Within the entries below, output exactly the lines between the line containing "Berlioz: Symphonie fantastique - Cléopâtre" and the line containing "抖音赔付类视频日引300+创", inclusive, and omit any picture.

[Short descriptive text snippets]
##############################
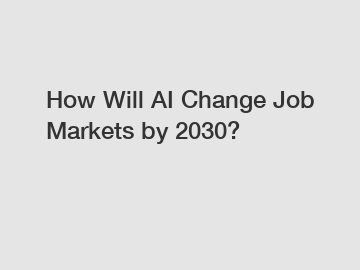 How Will AI Change Job Markets by 2030?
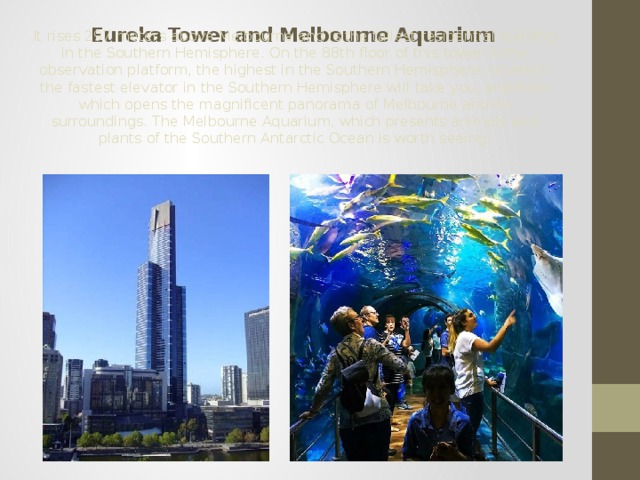  Eureka Tower and Melbourne Aquarium It rises 297 meters above Melbourne and is the tallest residential building in the Southern Hemisphere. On the 88th floor of this tower is the observation platform, the highest in the Southern Hemisphere, to which the fastest elevator in the Southern Hemisphere will take you, and from which opens the magnificent panorama of Melbourne and its surroundings. The Melbourne Aquarium, which presents animals and plants of the Southern Antarctic Ocean is worth seeing. 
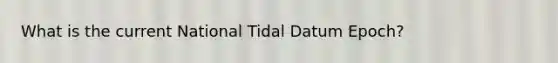 What is the current National Tidal Datum Epoch?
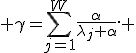  \gamma=\sum_{j=1}^W\frac{\alpha}{\lambda_j+\alpha}. 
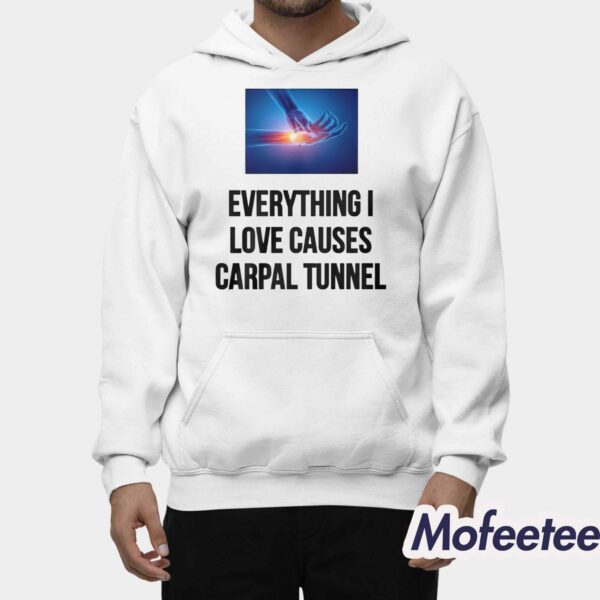 Everything I Love Causes Carpal Tunnel Shirt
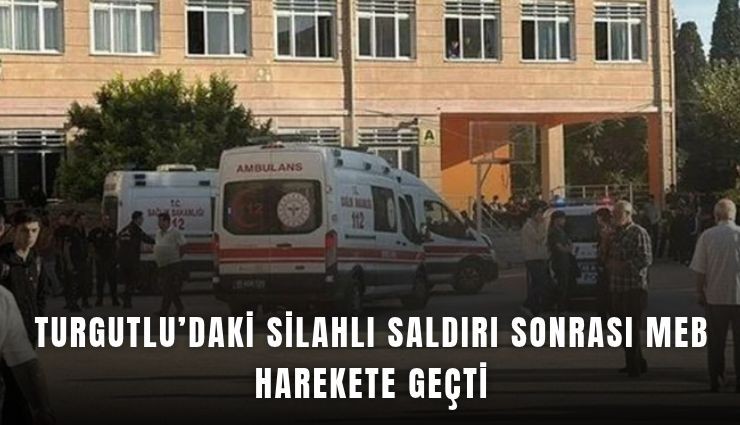 Turgutlu’daki silahlı saldırı sonrası MEB harekete geçti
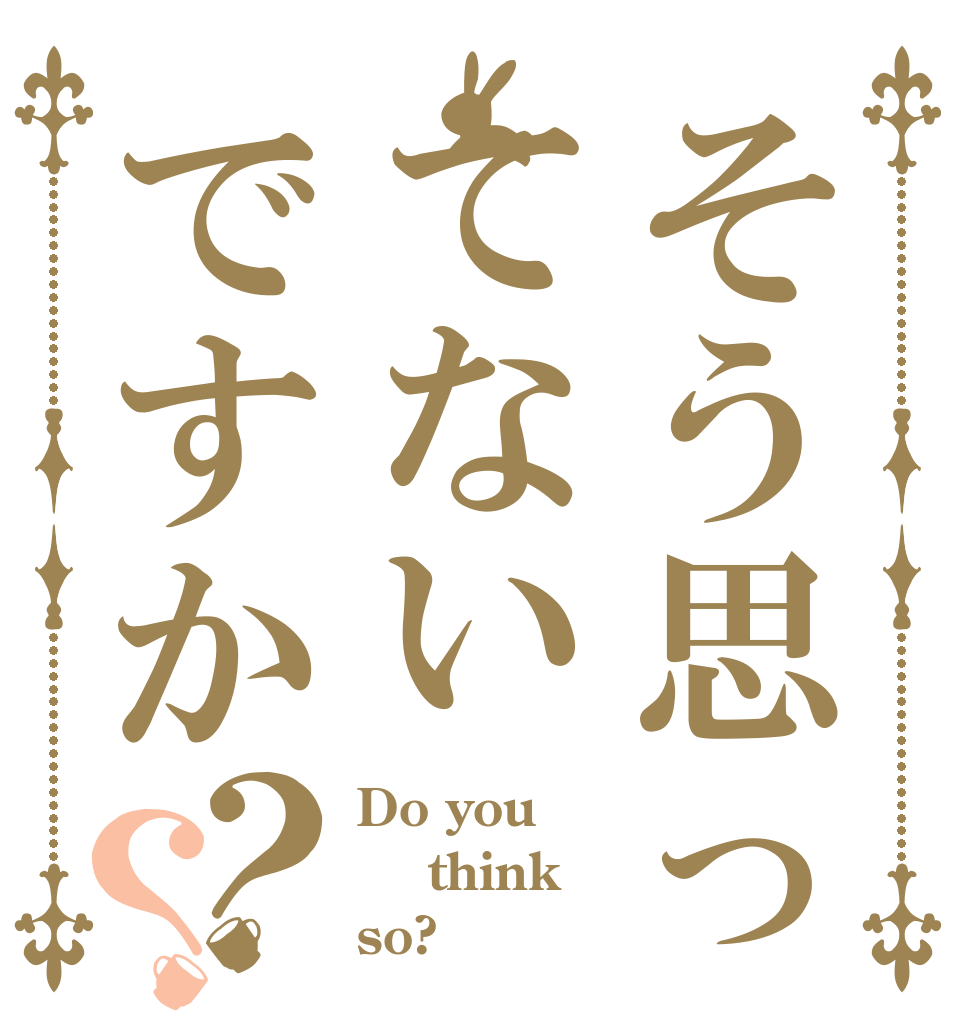 そう思ってないですか？？ Do you   think  so?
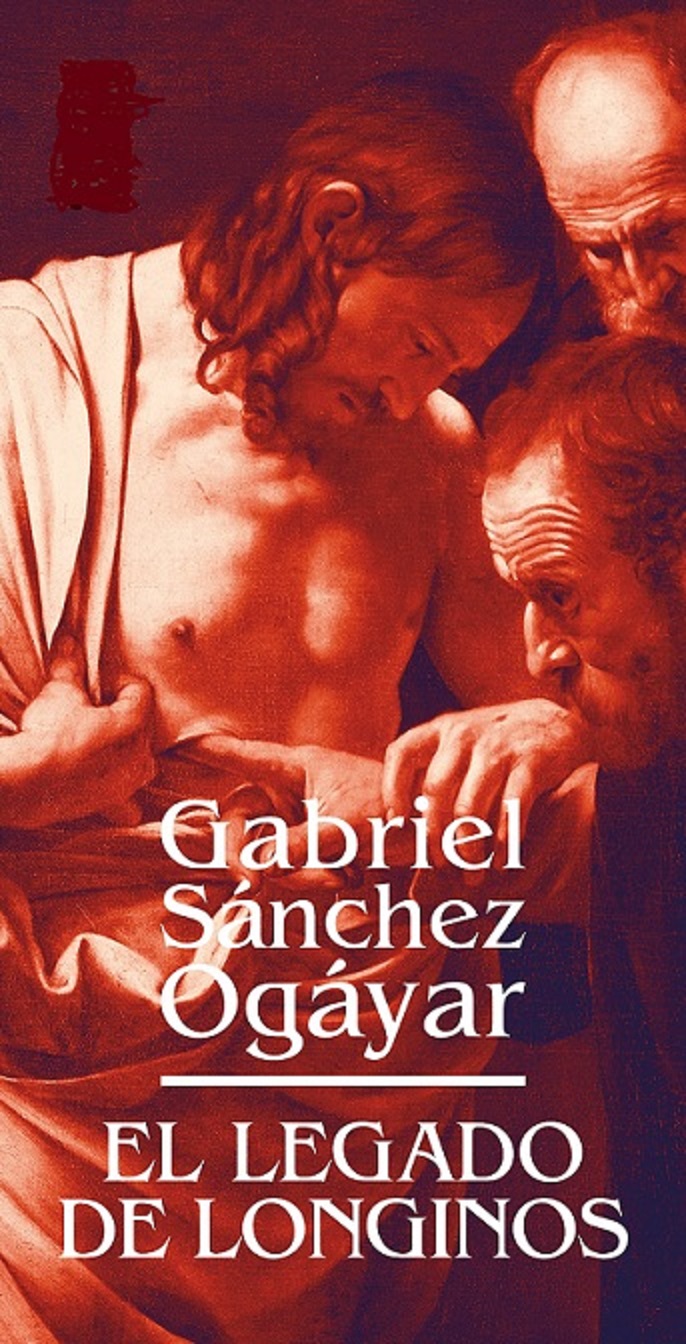 EL LEGADO DE LONGINOS, la nueva Novela de Gabriel Sánchez Ogayar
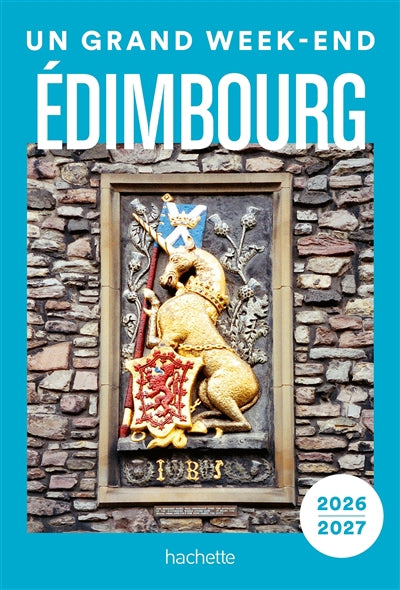 EDIMBOURG 2026/2027 -UN GRAND WEEK-END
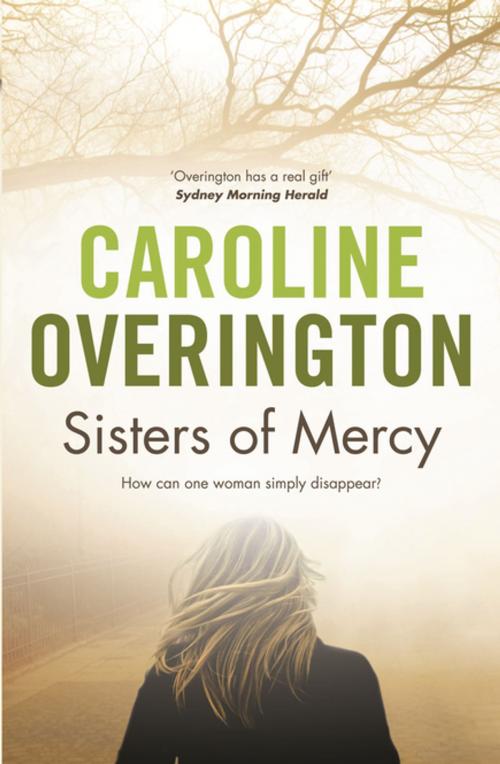 Cover of the book Sisters of Mercy by Caroline Overington, Penguin Random House Australia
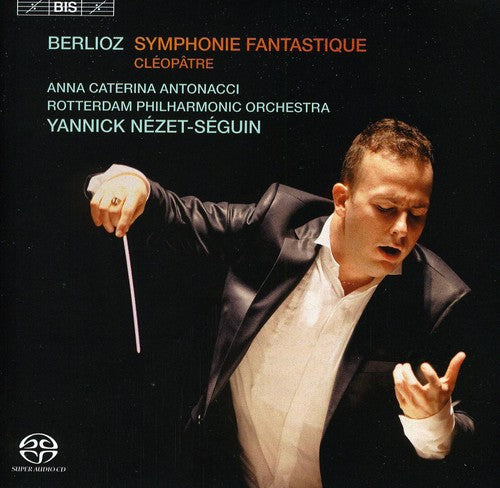 Berlioz: Symphonie fantastique - Cléopâtre
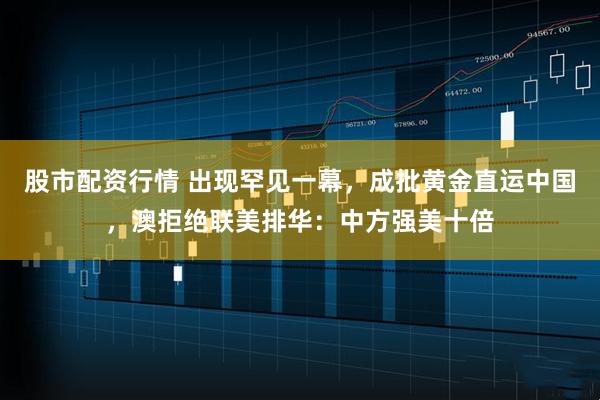股市配资行情 出现罕见一幕，成批黄金直运中国，澳拒绝联美排华：中方强美十倍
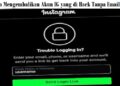 Cara Mengembalikan Akun IG yang di Hack Tanpa Email 9 Cara Mengetahui Posisi Seseorang Melalui Google Maps Tanpa Diketahui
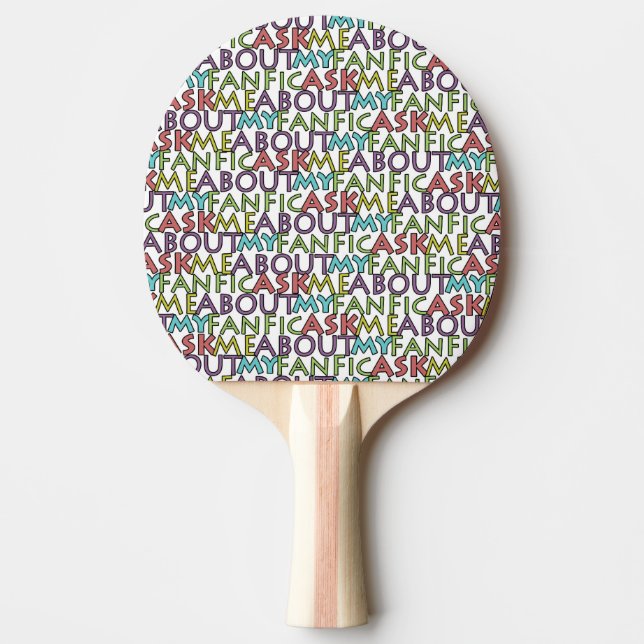 Raquette De Ping Pong Posez-moi des questions sur mon Fanfic (Devant)
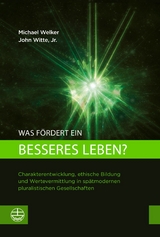 Was f&ouml;rdert ein besseres Leben? - Michael Welker, John Witte Jr.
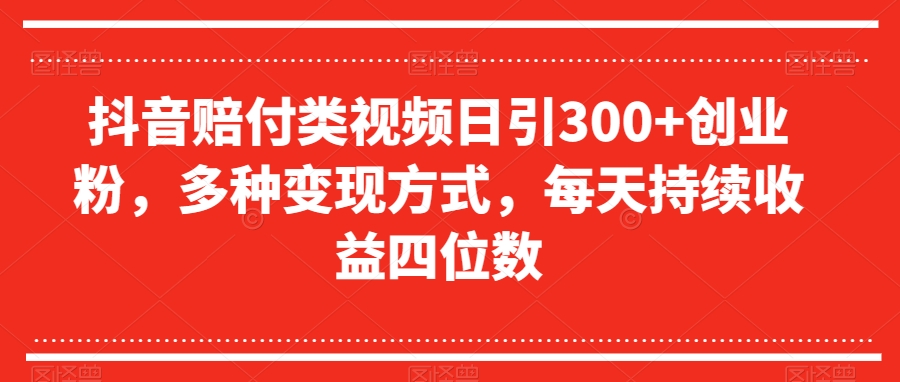 抖音赔付类视频日引300+创业粉，多种变现方式，每天持续收益四位数【揭秘】-一起网赚吧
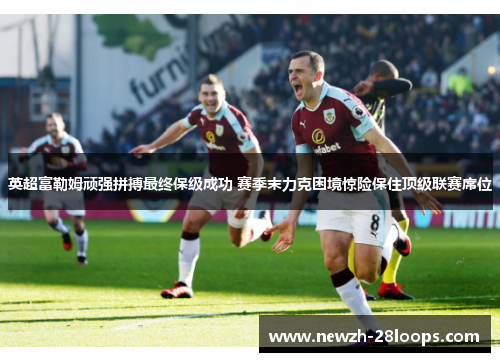 英超富勒姆顽强拼搏最终保级成功 赛季末力克困境惊险保住顶级联赛席位 英超富勒姆顽强拼搏最终保级成功 赛季末力克困境惊险保住顶级联赛席位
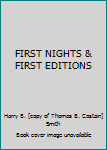 First nights and first editions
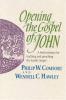 Opening the Gospel of John: Cover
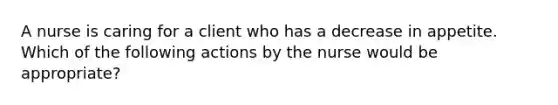 A nurse is caring for a client who has a decrease in appetite. Which of the following actions by the nurse would be appropriate?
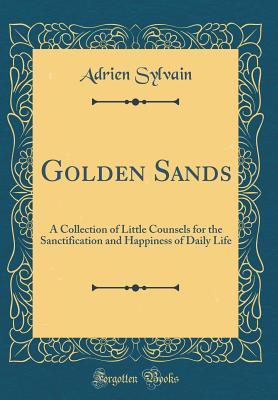 Golden Sands: A Collection of Little Counsels for the Sanctification and Happiness of Daily Life (Classic Reprint)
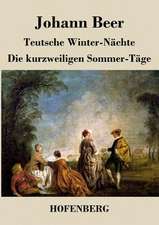 Teutsche Winter-Nächte / Die kurzweiligen Sommer-Täge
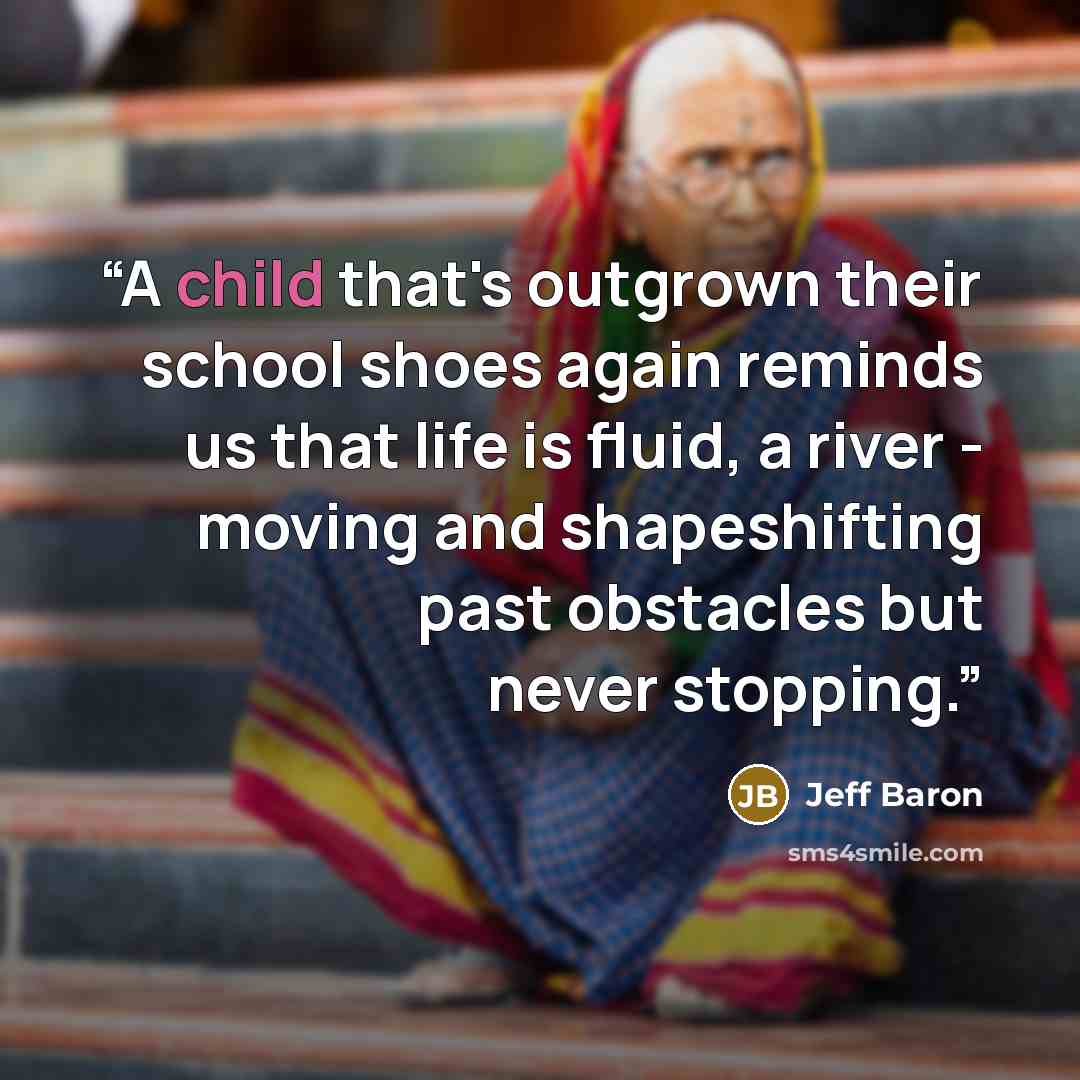 “A child that's outgrown their school shoes again reminds us that life is fluid, a river - moving and shapeshifting past obstacles but never stopping.” quote by Jeff Baron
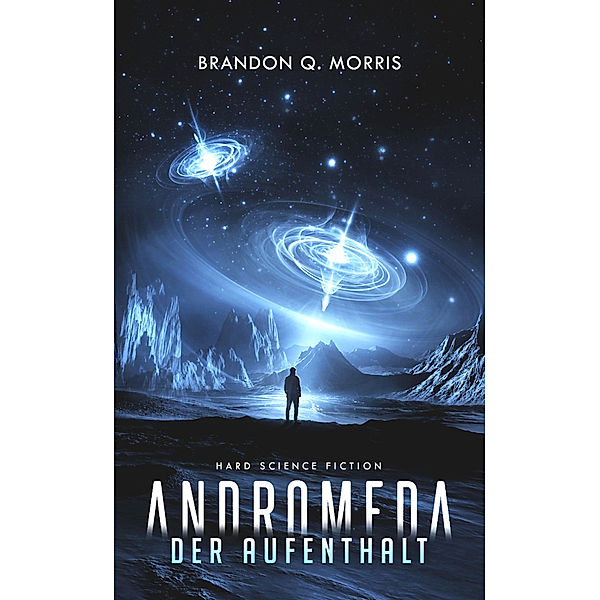 Andromeda: Der Aufenthalt, Brandon Q. Morris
##############################
— Exercise solution —
 Berlioz: Symphonie fantastique - Cléopâtre
股市配资行情 出现罕见一幕，成批黄金直运中国，澳拒绝联美排华：中方强美十倍
 Cara Mengembalikan Akun IG yang di Hack Tanpa Email 9 Cara Mengetahui Posisi Seseorang Melalui Google Maps Tanpa Diketahui
 Raquette De Ping Pong Posez-moi des questions sur mon Fanfic (Devant)
 Was f&ouml;rdert ein besseres Leben? - Michael Welker, John Witte Jr.
 抖音赔付类视频日引300+创业粉，多种变现方式，每天持续收益四位数【揭秘】-一起网赚吧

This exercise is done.